Constitutional amendment cements our system of checks and balances

Wayne Hoffman Weekly Column

When the EPA announced this summer that it was putting in place regulations that would stretch its authority over wide swaths of private property, much of the country was in an uproar. The EPA said that dry streambeds that only occasionally flow with water, small ponds and watering holes should be regulated as “navigable waters of the U.S.,” subjecting them to the Clean Water Act.

Imaginative and outrageous as these regulations are, Congress is unable to tell the EPA to pound sand. Regulations passed by federal agencies—from the EPA to the IRS to the Department of Health and Human Services—cannot be reviewed and rejected by Congress even if those regulations stretch beyond statutory limits.

This is, thankfully, not the case in Idaho. If our state Department of Environmental Quality were to pass a rule that stretches the agency’s authority, the Legislature can reject it, and the Legislature often does exactly that.

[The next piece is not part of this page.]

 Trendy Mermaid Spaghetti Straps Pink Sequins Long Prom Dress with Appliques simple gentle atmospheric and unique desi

Our state Legislature’s process for reviewing agency regulations, approving or rejecting them are at the heart of the constitutional amendment that is on the ballot in November. The amendment seeks to cement in the Idaho Constitution a legislative review process that has been underway for decades.

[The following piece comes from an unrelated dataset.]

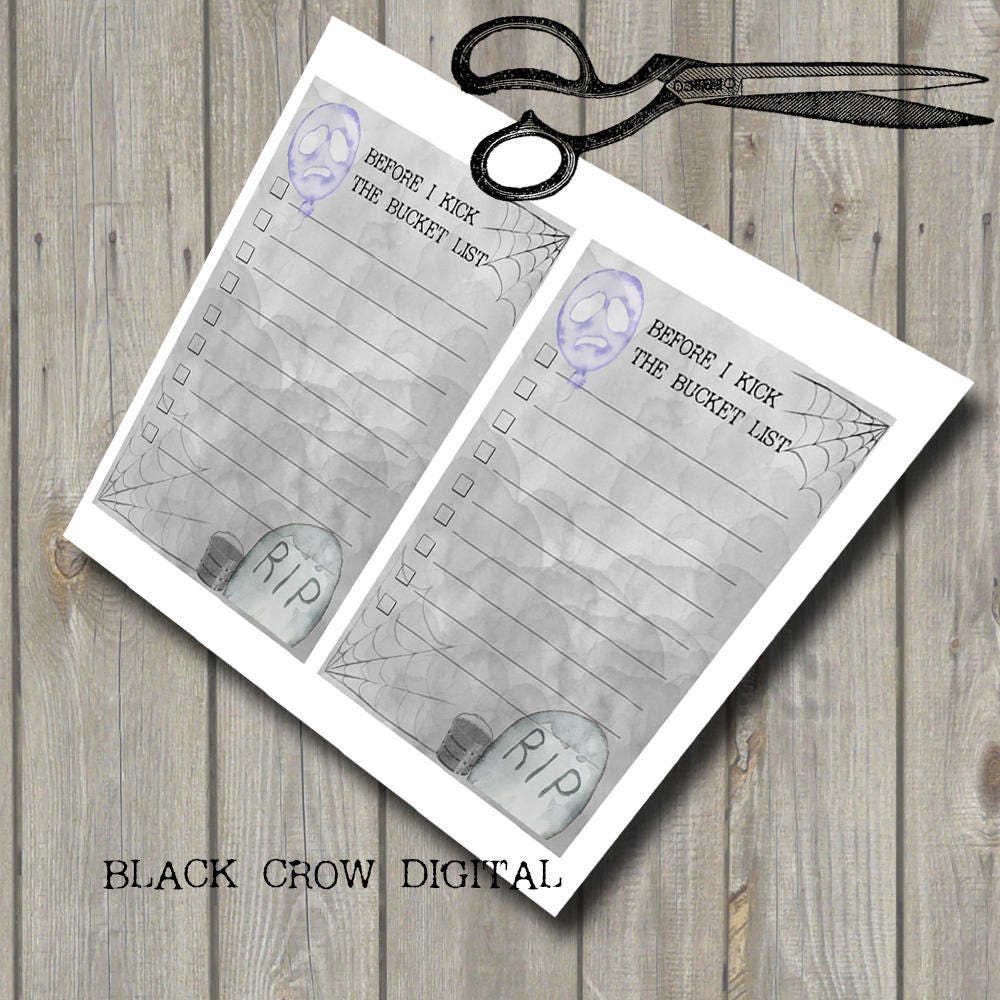 Before I Kick the Bucket List Instant Digital Download Etsy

Critics of the amendment, some of my friends included, suggest that the amendment is poorly worded and that it gives too much power to the legislative branch. That’s up to voters to figure out. The complete text of the amendment, a mere 60 words, appears on the ballot.

For me, the amendment seems to strike a balance between executive branch authority and legislative branch authority. Executive branch agencies can and do write regulations; the Legislature reviews those regulations in public hearings where ordinary citizens can comment on the proposals.

Critics of the amendment also sound an alarm stemming from the Legislature’s vote last winter to remove from state law a provision that allows the Legislature to not only reject regulations but to amend and rewrite them. This is easily explained. More than two decades ago, when a court ruled that lawmakers have the authority to review agency rules, the court also opined that allowing the Legislature to write executive branch regulations probably violates our sacred principle that the work of the executive branch should be separate from that of the legislative branch. That’s why for many years the Legislature has merely accepted or rejected, in whole, agency rules. And that’s why the statute was amended this year.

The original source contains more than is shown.